In view of the highly variable performance of different CI construction methods, we expect the union of CI (UCI) to perform better and be more robust across different scenarios. We observed that UCI, no matter if it is constructed from the standard or percentile CI estimators, in general, achieved good coverage across most simulation scenarios, although in some cases the coverage was still below the desired level (95%). When we further took the union of standard and percentile UCI estimators (i.e., Method 3 listed under ‘Union CI’ in the Section 4), the coverage was adequate for almost all scenarios, except one case in which both the sample size and the sum of variance explained (Vg) were low (N = 5000, Vg = 0.101).

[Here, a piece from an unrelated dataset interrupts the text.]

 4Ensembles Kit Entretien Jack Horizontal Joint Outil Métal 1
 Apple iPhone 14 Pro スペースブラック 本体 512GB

2.4. Results on Immune Traits

PLINK was applied to trim GWAS data for 12 immunological traits (Table 4) with various r2 criteria to obtain roughly independent SNPs. We only included common variants with an MAF > 0.01 for further analysis. Then, using SumVg, the “true” z-statistics of trimmed SNPs were retrieved to capture the missing heritability. The jackknife and bootstrap methods were used to compute the corresponding SEs (Table 5; Figure S1).
The total SNP-based heritability predicted by SumVg for the selected traits, in contrast to the comparatively low or negative heritability estimates from LDSC, were around 10–20% based on a collection of LD-pruned SNPs. We obtained a stable (and likely conservative) estimate of heritability at r2 ~ 0.01 or 0.005. Lower r2 values (i.e., r2 < 0.0025 and r2 < 0.001) had limited impact on final estimates of heritability. The delete-one jackknife consistently produced the highest standard error, while the bootstrap and delete-d jackknife approaches produced SEs that were more comparable to one another. Out of the 12 cytokines/growth factors studied, the highest heritability was observed for the levels of IL-4 and IL-17.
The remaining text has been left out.